BEST PREVENTION STRATEGIES
Not smoking is the most important step you can take to protect your lungs. Those at highest risk for COPD have accumulated 20 “pack years” — a measurement calculated by multiplying the number of packs of cigarettes smoked per day by the number of years that you’ve smoked.
People who quit smoking may regain close to normal lung function if they have very early-stage COPD. Those who quit later can preserve more of their normal lung function and slow the rate at which the disease progresses. Even if you quit smoking years ago, it’s possible to have undetected COPD without symptoms.
Since occupational pollutants are the second-leading cause of COPD, people who work in industrial jobs, such as mining or welding, or livestock farming, should always wear the appropriate protective equipment, such as particulate (air-purifying) respirator face masks.
Even in nonwork settings, you should wear a mask if painting, spreading fertilizer or doing any task that may involve dust or fumes.
Caution: Do not wear a mask if you have shortness of breath.
THE RIGHT TREATMENT
If you’ve already been diagnosed with COPD, your doctor will probably prescribe medications to reduce symptoms — coughing, difficulty breathing, wheezing and/or mucus production — during flare-ups.
Important: Such drugs should be taken at the first signs of a flare-up to minimize lung inflammation and help reduce long-term damage.
An alternative to medication may involve simple breathing exercises and supervised rehabilitation. As the condition progresses, it is customary to use medication and breathing exercises together.
Best COPD medications…
Bronchodilators that contain a short-acting beta-agonist, such as albuterol (Proventil) or tiotropium (Spiriva), expand and relax muscles around the airways and make it easier to inhale and exhale. Side effects may include vomiting and muscle pain.
Inhaled steroids, such as fluticasone (Flovent), reduce inflammation and may improve airflow when used in combination with other medications.
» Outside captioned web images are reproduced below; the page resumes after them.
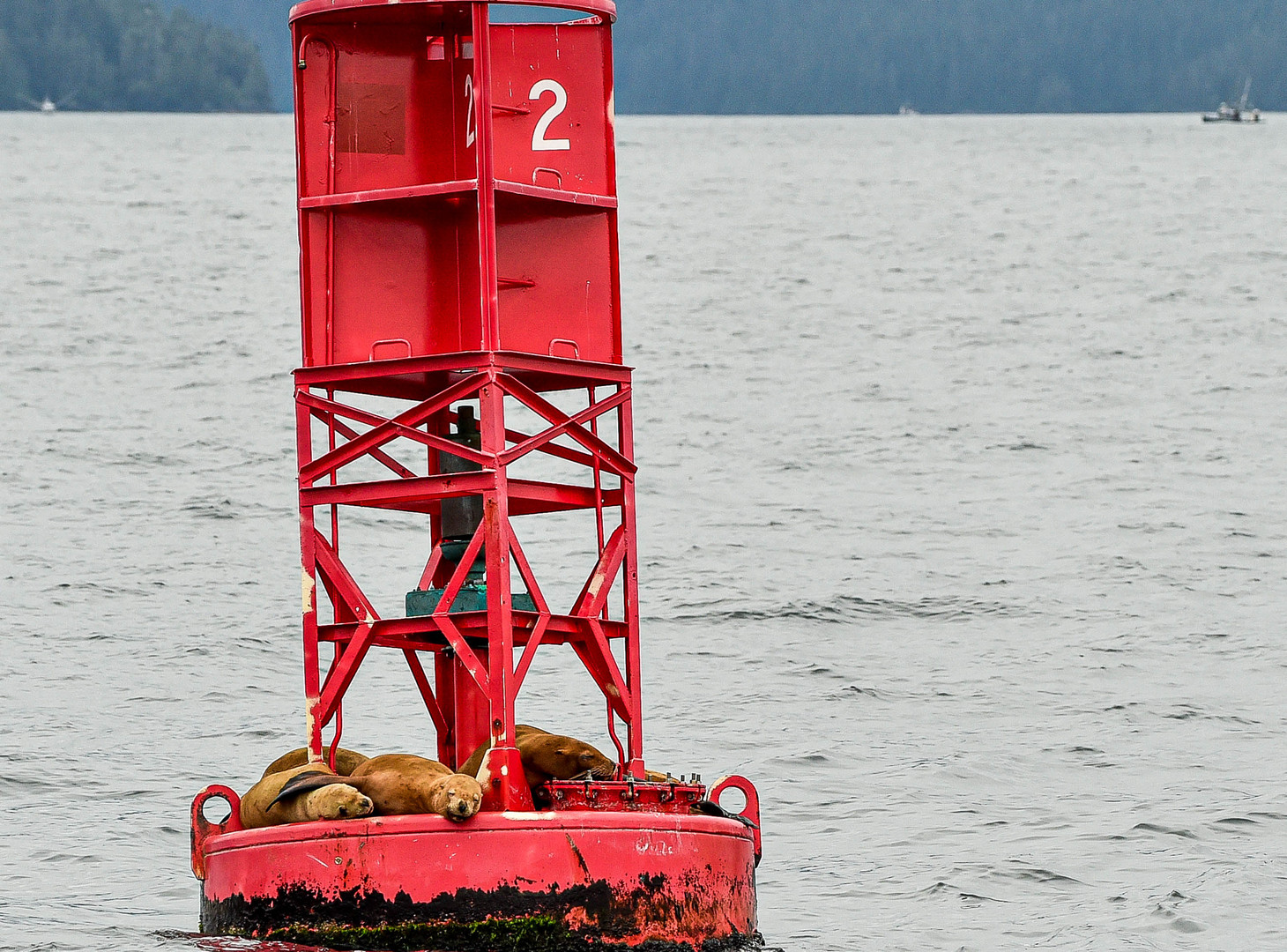 Wie sind die da raufgekommen ?                       DSC_5825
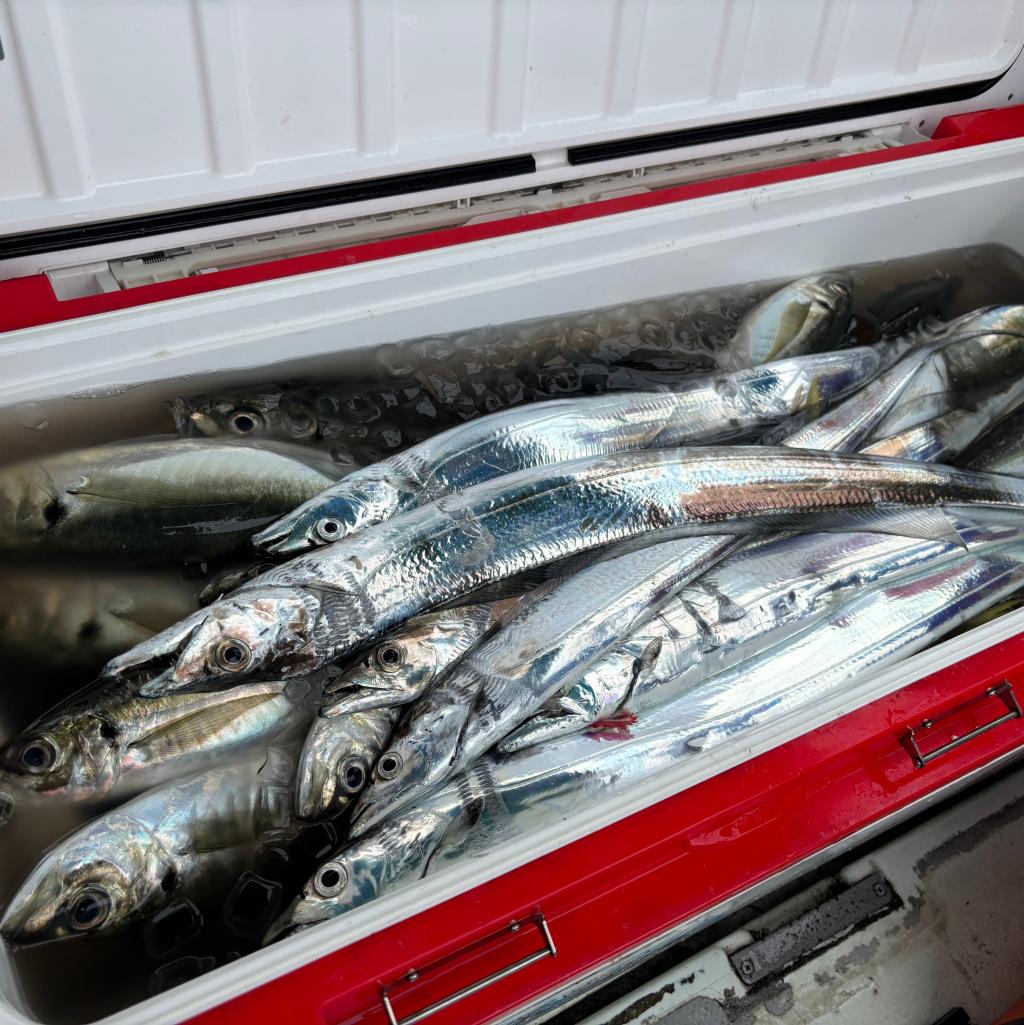 アジ釣り、タチウオ釣り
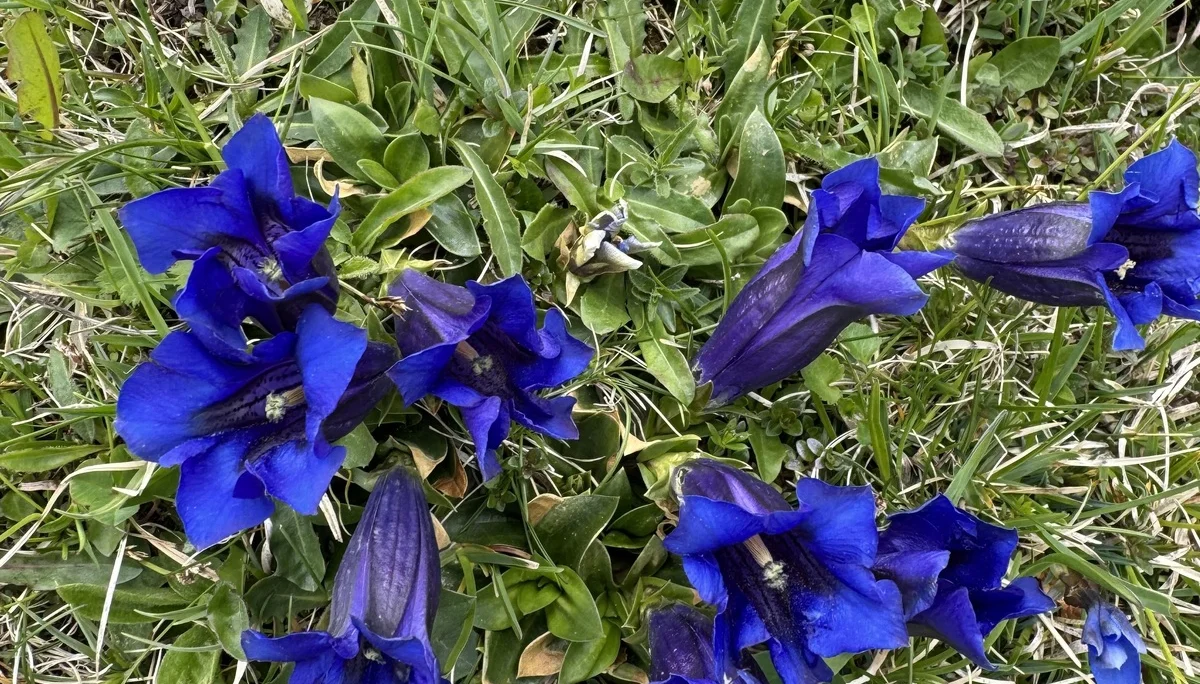 © DAV Tittmoning / Brigitte Thaller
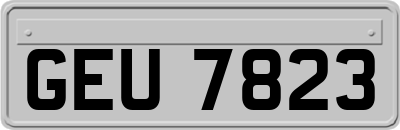 GEU7823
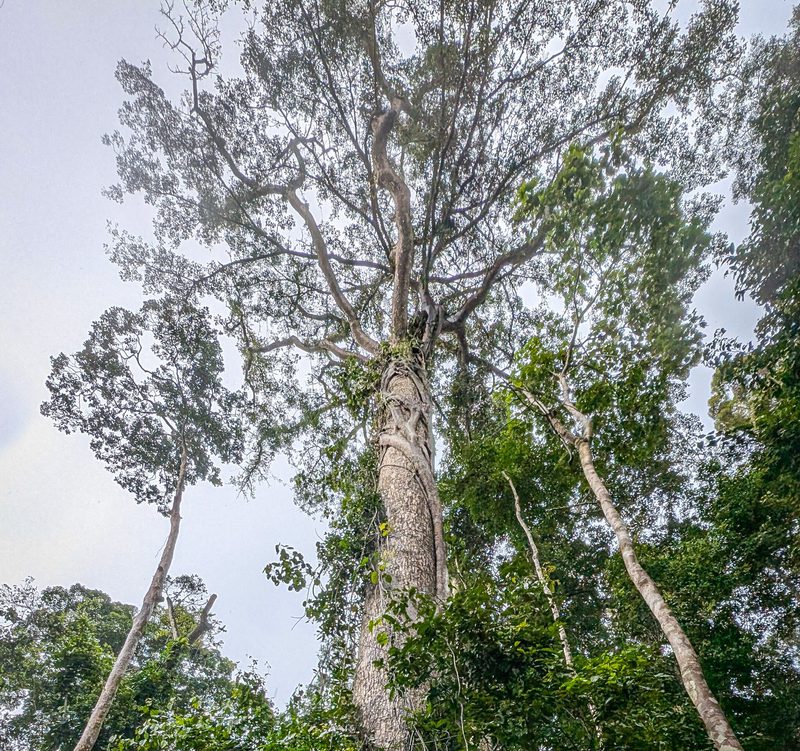 Tall tree seen from ground in a forest, thick trunk and high branches, with vines climbing the trunk among surrounding green foliage and a pale sky.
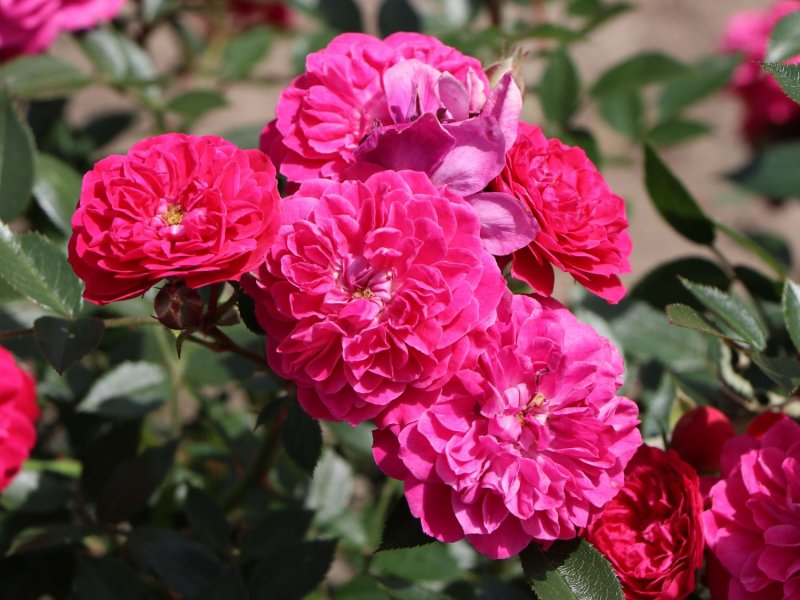 Роза почвопокровная Bodendeckerrose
Side effects of inhaled steroids may include headache, sore throat and, according to recent research, increased diabetes risk.
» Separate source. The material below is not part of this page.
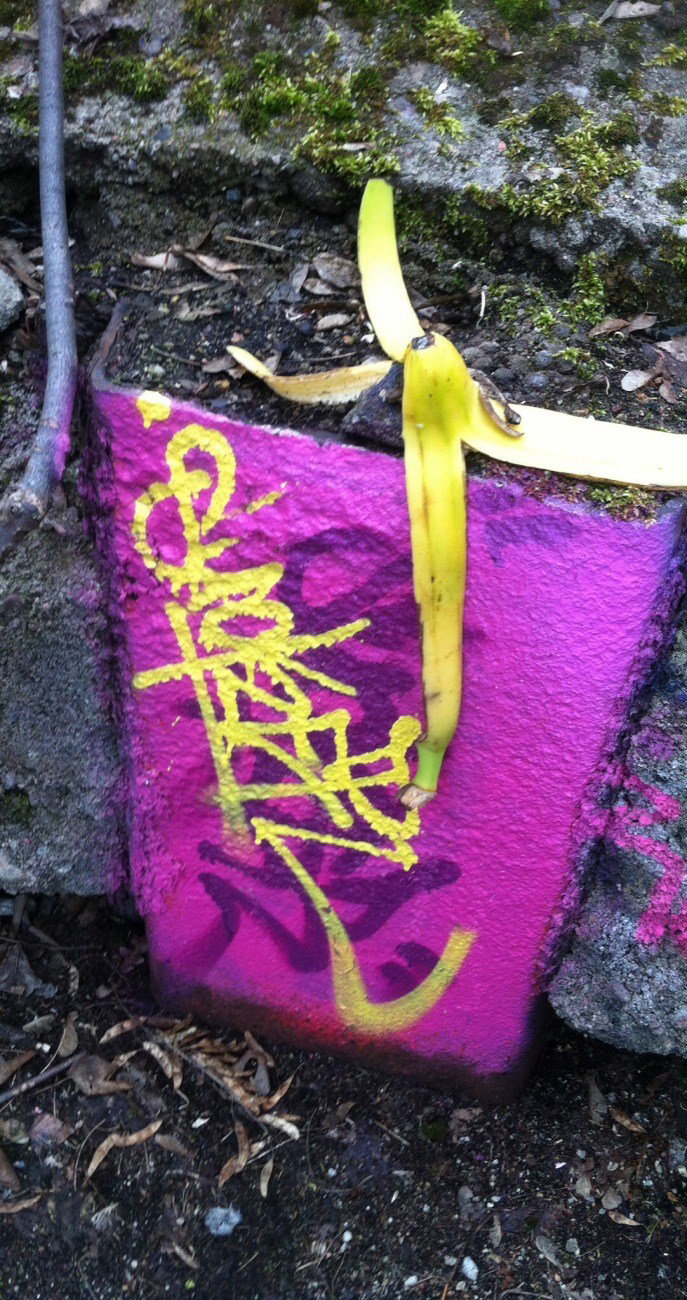 Graffiti Wall - Photo by Lackaffe - Sucker, sucka1, banana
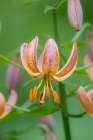 Closeup Of A Flowering Orange Martagon Lily, USA Art Print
During flare-ups, oral steroids may be used for a short course (about 10 days), especially if a bronchodilator alone is not sufficient.
Supplemental oxygen is sometimes needed to improve breathing and exercise tolerance in those with advanced COPD.
Lung volume reduction surgery may be recommended in rare cases of severe emphysema. It involves removal of the damaged sections of the lungs to allow the remaining lung tissue to work more efficiently. This treatment is effective only when patients have sufficient amounts of healthy lung tissue left after surgery.
Important: If you have COPD, any respiratory illness increases the risk for lung damage and may cause a more rapid decline in lung function. That’s why every person with COPD should get an influenza vaccination annually. Your doctor might also recommend a pneumococcal pneumonia vaccination every five years or so.